The accept_term() function is not very interesting. It uses two helper functions to parse the coefficient and exponent of a term and then creates and returns a new term. Let’s continue to the two helper functions accept_term() uses:

static int accept_coefficient(parser_ctx_t* ctx)
{
	int	c;	/* The coefficient to parse. */
	int	sign;	/* The sign of that coefficient. */

	sign	= accept_sign(ctx);
	c	= accept_number(ctx);

	return c * sign;
}

static int accept_exponent(parser_ctx_t* ctx)
{
	int	e;	/* The exponent to parse. */

	e	= 0;	/* Default exponent to zero. */

	accept_space(ctx);
	if (*ctx->str == 'x') {
		e = 1;
		ctx->str++;

		if (*ctx->str == '^') {
			ctx->str++;
			e = accept_number(ctx);
		}
	}

	return e;
}

accept_coefficient() is fairly uninteresting as well, we accept a sign (i.e. a plus or a minus) and then a number. accept_exponent() on the other hand is a bit more interesting. For good measure, we use accept_space() to discard any whitespace before the actual exponent.

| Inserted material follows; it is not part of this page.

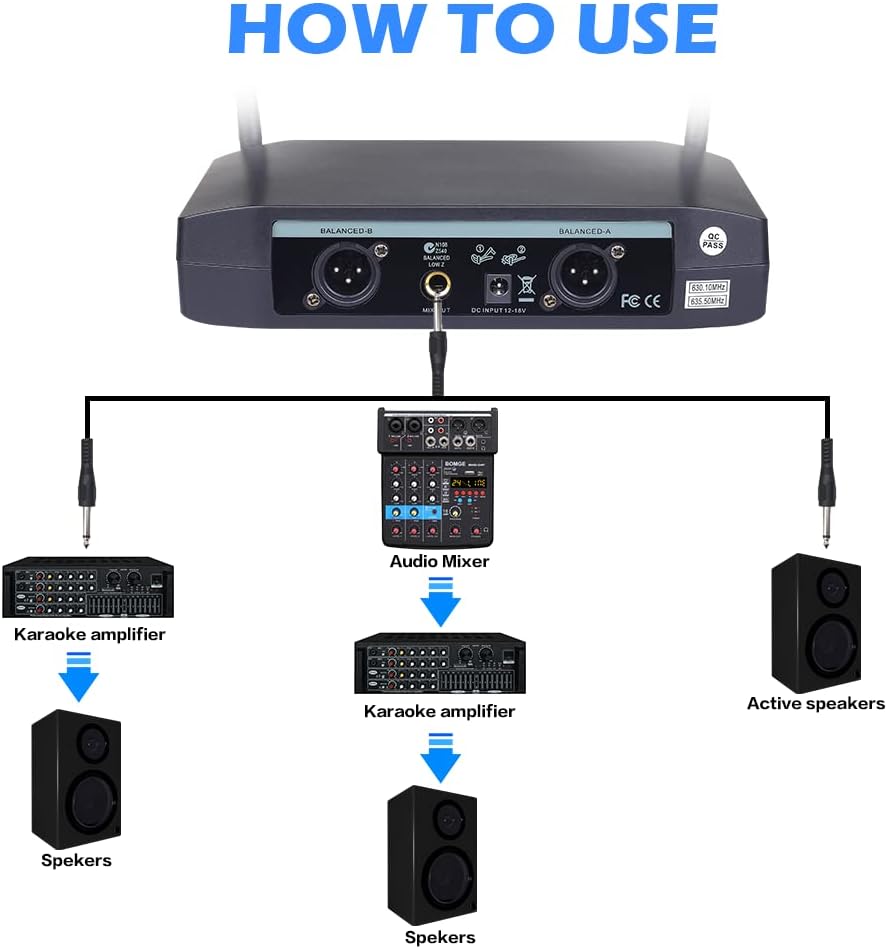 BOMGE UHF Metall Dual Handheld Wireless Mikrofone & Systeme für Karaoke, Gesang, Meeting, Party, Kir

Now we have a couple of cases:

• If we have no variable (i.e. an x), we default the exponent to zero.
• If we have a variable but no caret, we set the exponent to one.
• If we also have a caret, we parse the number succeeding the caret.

I should probably point out that the students are not required to handle negative exponents although it would be trivial to add in my solution.

The last helper functions are accept_space(), accept_sign() and accept_number():

static void accept_space(parser_ctx_t* ctx)
{
	while (isspace(*ctx->str))
		ctx->str++;
}

static int accept_sign(parser_ctx_t* ctx)
{
	int	sign;	/* The sign to parse. */

	sign	= 1;	/* Default to positive sign. */

	accept_space(ctx);

	if (*ctx->str == '-') {
		sign = -1;
		ctx->str++;
	} else if (*ctx->str == '+') {
		ctx->str++;
	}

	return sign;
}

static int accept_number(parser_ctx_t* ctx)
{
	int	num;	/* The coefficient to parse. */
	char*	end;	/* The end pointer returned by strtol. */

	num	= strtol(ctx->str, &end, 10);
	if (ctx->str == end) {
		/* No number to parse, default to 1. */
		num	= 1;
	}
	ctx->str	= end;

	return num;
}

accept_space() simply discards any whitespace in the string. accept_sign() parses a sign and returns +/- 1 which allows us to multiply it with a number when parsing the coefficient.

accept_number() is a bit more interesting and I’m pretty satisfied with the implementation. It leans heavily on strtol() but using functions in the C standard library is obviously OK in the course. strtol() discards any whitespace and then parses a number from the string, stopping at the first non-digit. It stores the location at which it stops in the pointer provided as the second argument. If the pointer it set is the same as the one we provided, it didn’t parse any number. If this is the case, we default the parsed number to 1. This works in both our cases when we need to parse numbers:

• If we try to parse a coefficient and doesn’t have a number to parse, we have a term with only a variable (e.g. x or x^23) which should have the coefficient 1.
• If we try to parse an exponent and there’s no caret, then we know we should skip calling accept_number() since there’s no number to parse. If we do have a caret in the string, there will be a number to parse and accept_number() will succeed in parsing it.

And that’s it! A simple implementation which is easy to understand and follow.

Finishing thoughts

While there are most likely some minor problems with this solution, it is simple to understand and parses well-formatted polynomials which is what the assignment requires. The main point I wanted to make here was that it is possible to implement this function in a way that doesn’t require complicated lookahead/lookbehind or multiple passes through the string while making it readable at the same time.